▶ _Problem requirements_
The task calls for the lines below from the line with "Golf Push Pull" to the line with "PANTALÓN EFECTO PIEL ABERTURA", both ends included, copied exactly, without any pictures.

▶ _Given entries_
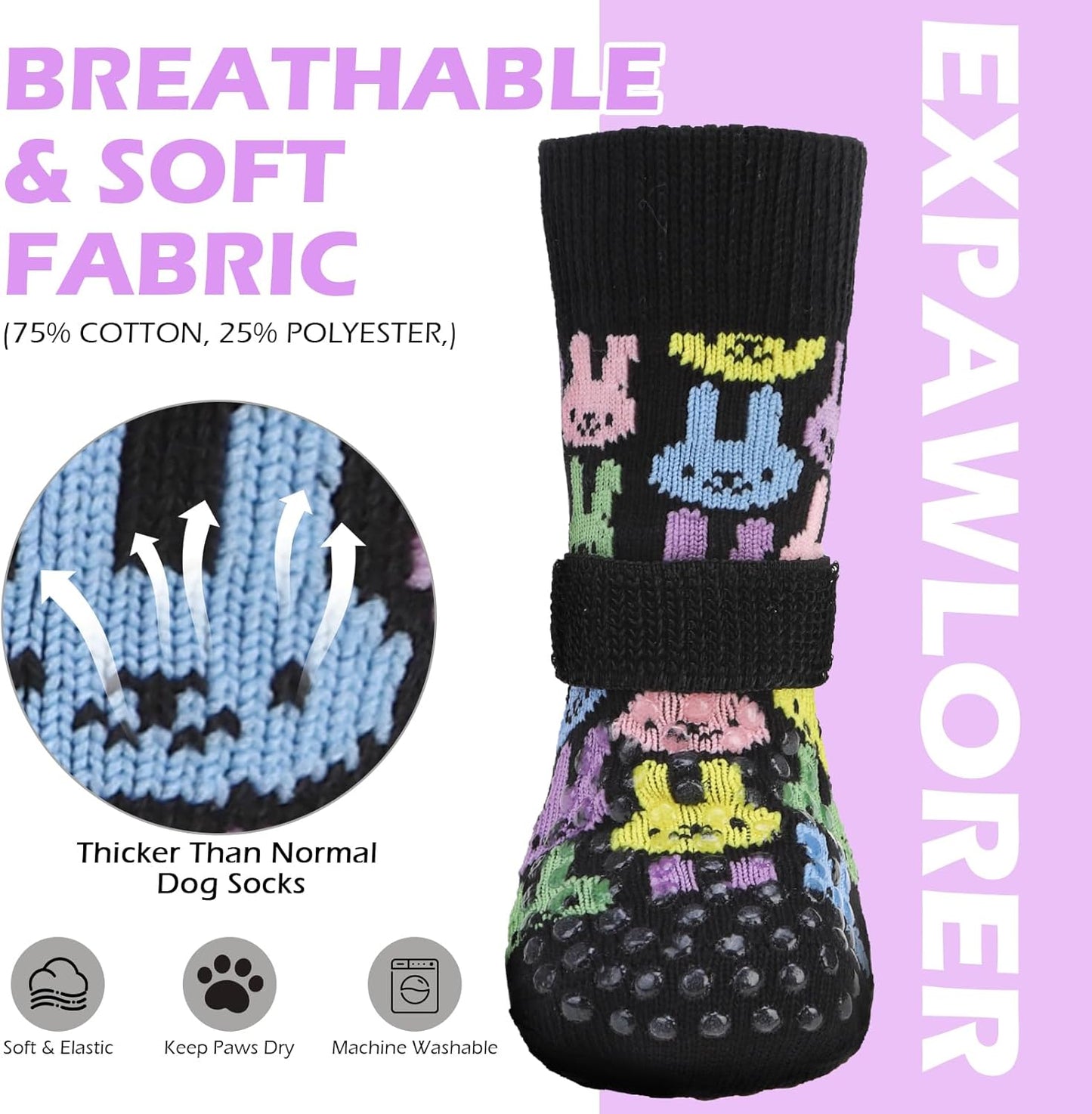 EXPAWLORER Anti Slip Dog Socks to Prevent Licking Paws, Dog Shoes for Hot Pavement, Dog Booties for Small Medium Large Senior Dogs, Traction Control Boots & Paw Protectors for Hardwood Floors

...

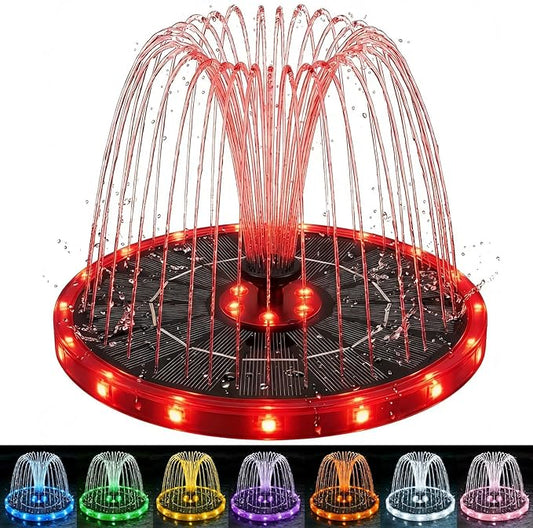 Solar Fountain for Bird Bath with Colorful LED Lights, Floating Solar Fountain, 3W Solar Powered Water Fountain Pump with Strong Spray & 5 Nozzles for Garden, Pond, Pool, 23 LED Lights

--

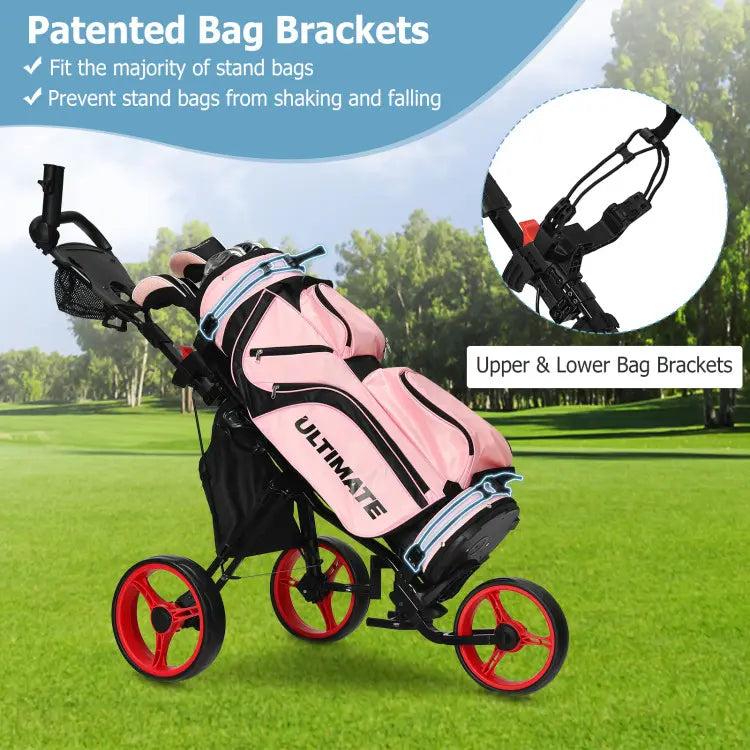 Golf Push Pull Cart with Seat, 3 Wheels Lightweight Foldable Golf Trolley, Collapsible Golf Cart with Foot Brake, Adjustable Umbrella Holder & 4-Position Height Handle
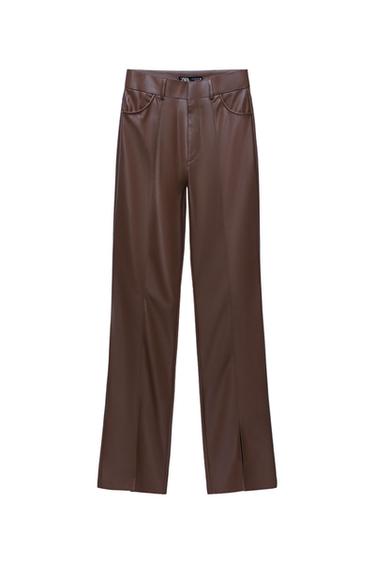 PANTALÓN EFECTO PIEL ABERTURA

▶ _Worked solution_
 Golf Push Pull Cart with Seat, 3 Wheels Lightweight Foldable Golf Trolley, Collapsible Golf Cart with Foot Brake, Adjustable Umbrella Holder & 4-Position Height Handle
 PANTALÓN EFECTO PIEL ABERTURA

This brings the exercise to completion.